Organizers collecting signatures in favor of a voter referendum on Public Act 4, Michigan's emergency manager law, have revised a deadline to send petitions to the Secretary of State.
Public Act 4, passed by Michigan's Republican-controlled legislature and signed by Gov. Rick Snyder in March, allows the governor to appoint an emergency manager to run financially struggling cities and school districts. Emergency managers have nearly absolute decision-making authority and can dismiss elected public officials.
If successful, the petition would freeze Public Act 4 until a statewide referendum vote in November.
Stand Up For Democracy, one group behind the petition drive, originally announced organizers would bring collected signatures to Lansing on Jan. 18, the same day as Snyder's State of the State address. Although organizers say they now have more than the 161,305 necessary signatures, they will continue to circulate petitions until they reach their goal of 250,000 names. They are now aiming for Feb. 18 to hand in the signatures for verification by the Secretary of State.
According to the Detroit Free Press, organizers now have nearly 200,000 signatures and should reach their new goal by the end of February. Michigan Forward's Brandon Jessup told Eclectablog the group has gathered and verified 180,000 signatures.
Jessup told HuffPost that organizers are trying to build a strong coalition to challenge the emergency manager law.
"More organizations want to come on board," he said. "We want to collect as many signatures as we can to make sure this is a mandate."
Jessup also complimented protesters who marched on Snyder's Superior Township home Monday in opposition to the law.
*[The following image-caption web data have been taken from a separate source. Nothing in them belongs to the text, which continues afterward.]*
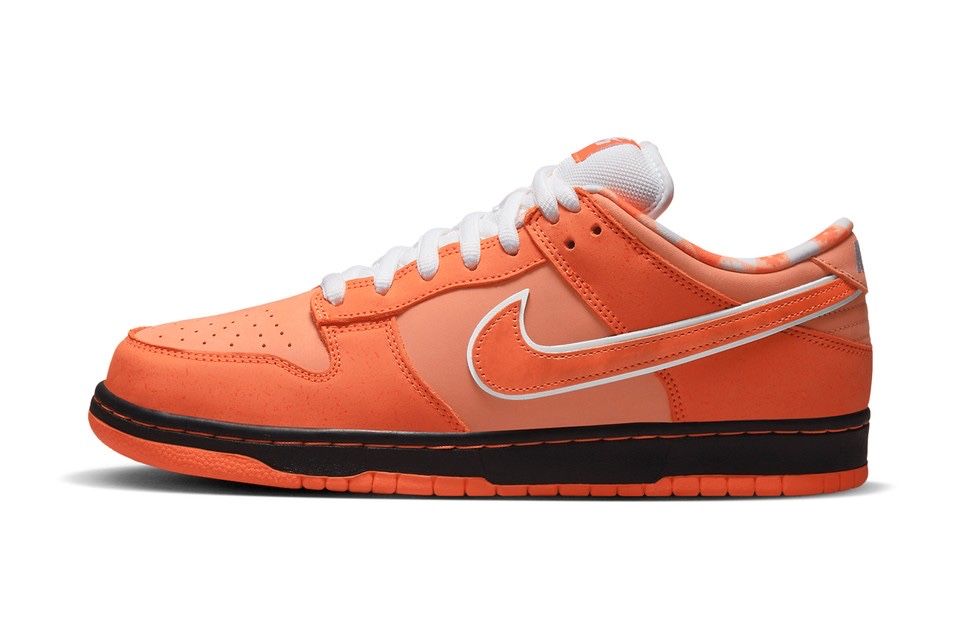 Nike SB Dunks “Orange Lobster” 36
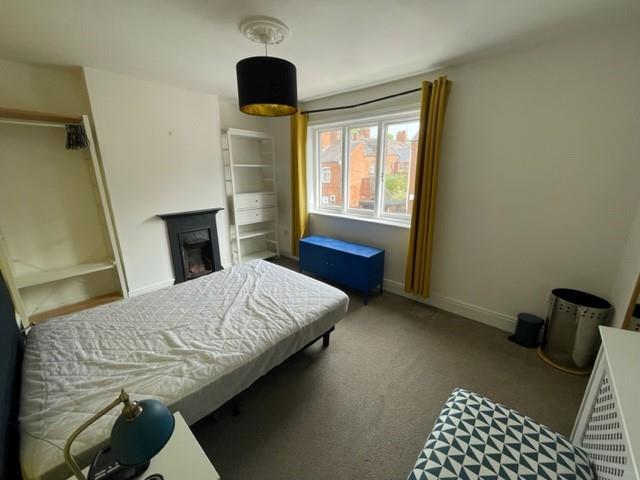 Bed 1.jpg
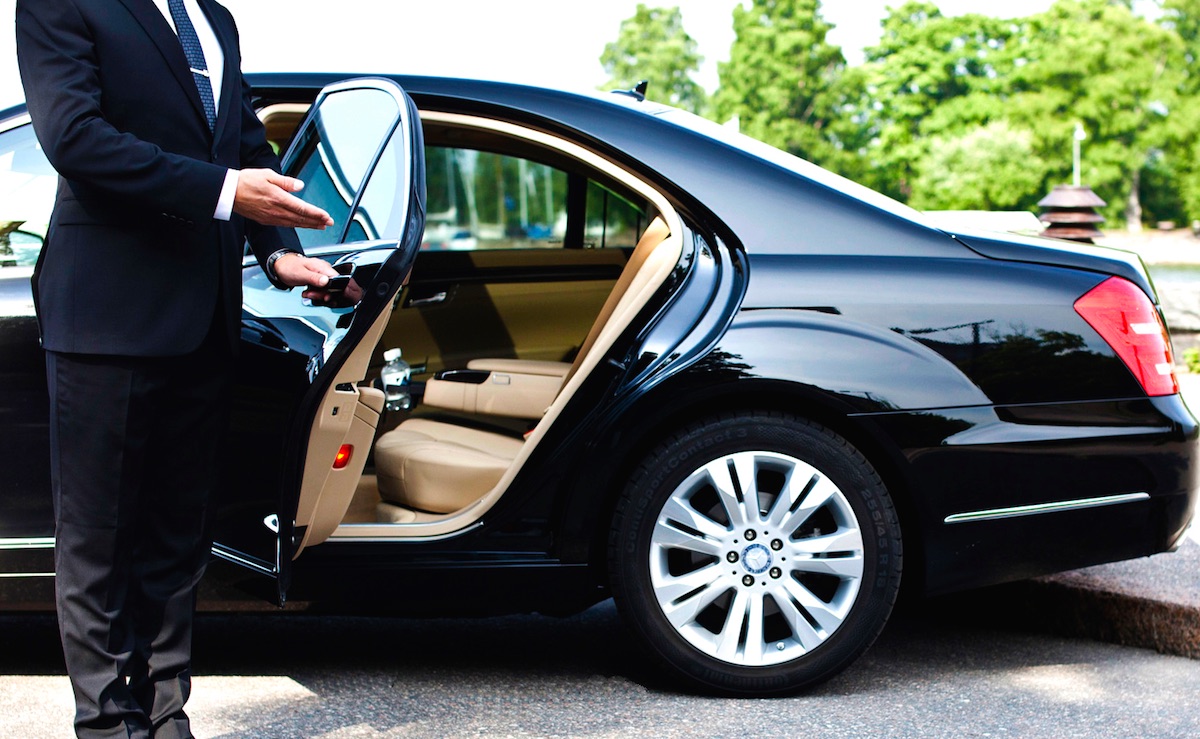  Chauffeured Services 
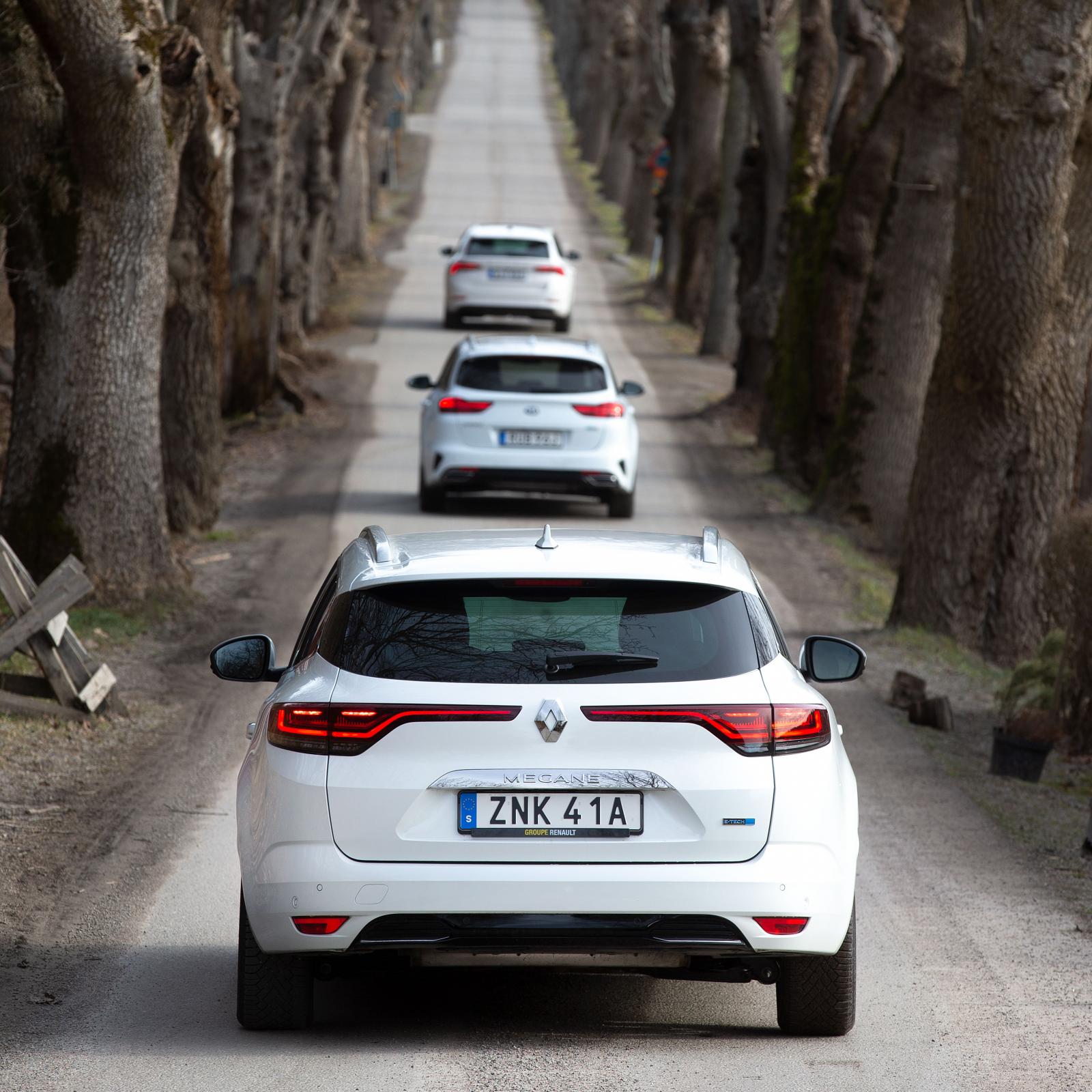 Test: Kia Ceed SW Plug-in Hybrid, Renault Megane E-Tech ST och Skoda Octavia Combi iV (2021)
Different estimates from police and the media placed the crowd's size between 800 and 1,000 people.
"It was good to see thousands march at the governor's house," Jessup said. "We hope to see thousands of them pick up petitions and stand for democracy in Michigan."
Snyder's chief of staff, Dennis Muchmore, told AnnArbor.com that the rally at the governor's home was a great example of democracy in action.
"We certainly recognize the concerns and we share those concerns" of the protesters, Muchmore said. "We want to make sure that all of these cities are vibrant and have got a financial status for the future that can be sustained."
Emergency managers now run the cities of Flint, Pontiac, Ecorse and Benton Harbor and the Detroit Public Schools. Gov. Snyder is also preparing to appoint an Emergency Manager to the Highland Park Schools, and a review board is currently investigating the city of Detroit for a possible takeover.